§ **DIRECTIONS**
Output, exactly as written, the lines below starting at the line containing "The Principal Problem: A" and ending at the line containing "ag九游会登陆九游会-探索九". Drop the pictures and keep both end lines.
SUPPLIED RECORDS Start Marker
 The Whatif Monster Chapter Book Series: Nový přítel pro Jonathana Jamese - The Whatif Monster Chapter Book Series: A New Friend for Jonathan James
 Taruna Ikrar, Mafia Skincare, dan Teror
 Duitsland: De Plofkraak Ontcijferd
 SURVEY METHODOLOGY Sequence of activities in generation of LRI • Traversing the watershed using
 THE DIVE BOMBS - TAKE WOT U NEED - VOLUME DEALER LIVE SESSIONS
SUPPLIED RECORDS End Marker
SUPPLIED RECORDS Start Marker
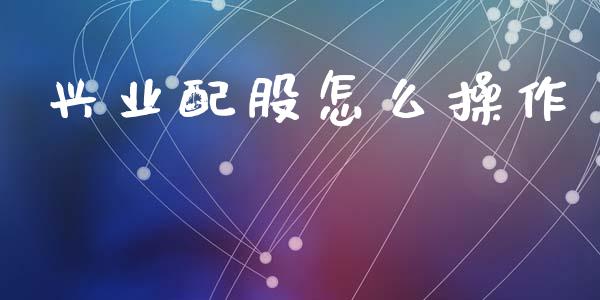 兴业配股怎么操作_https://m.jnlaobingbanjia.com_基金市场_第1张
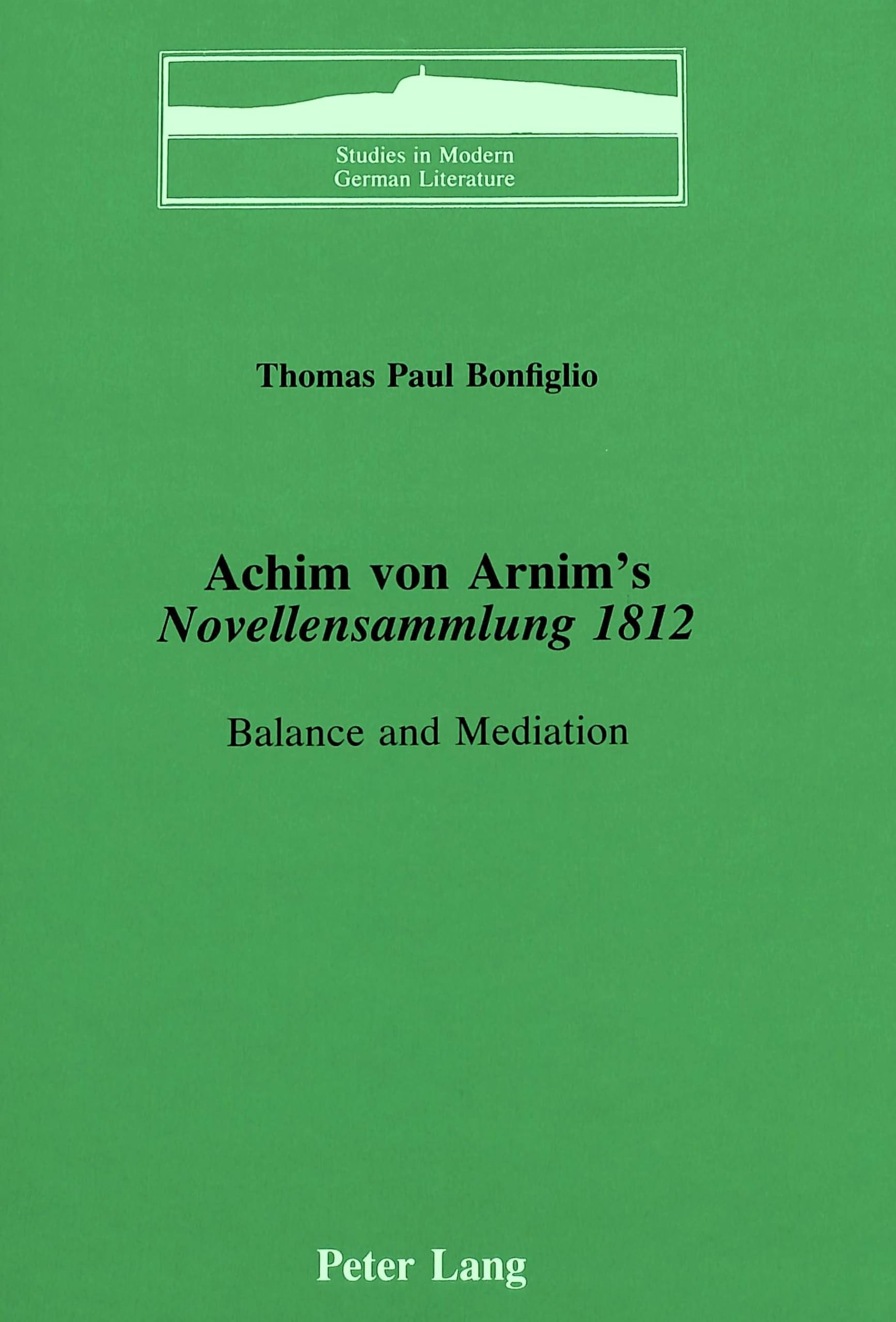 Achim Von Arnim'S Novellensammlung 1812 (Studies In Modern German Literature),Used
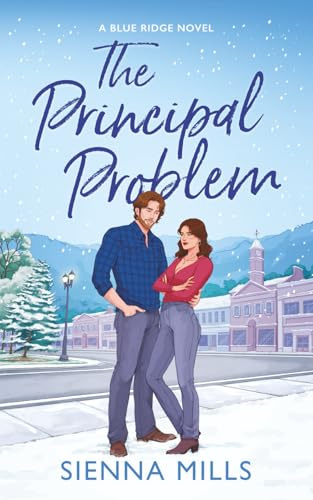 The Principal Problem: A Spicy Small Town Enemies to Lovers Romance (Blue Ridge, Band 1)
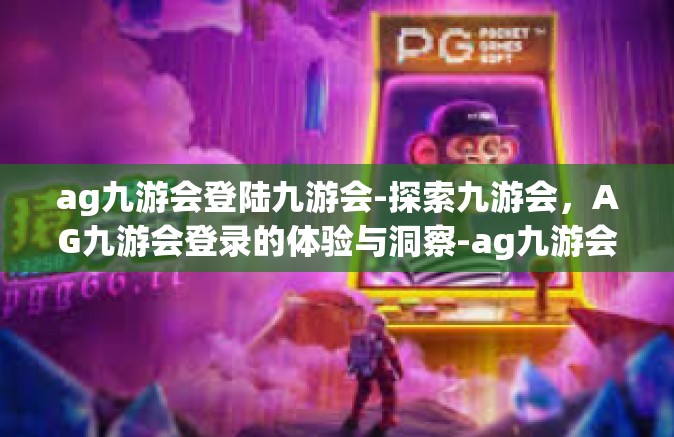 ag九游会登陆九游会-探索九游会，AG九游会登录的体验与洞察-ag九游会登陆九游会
SUPPLIED RECORDS End Marker
§ **SOLUTION TO THIS PROBLEM**
 The Principal Problem: A Spicy Small Town Enemies to Lovers Romance (Blue Ridge, Band 1)
 ag九游会登陆九游会-探索九游会，AG九游会登录的体验与洞察-ag九游会登陆九游会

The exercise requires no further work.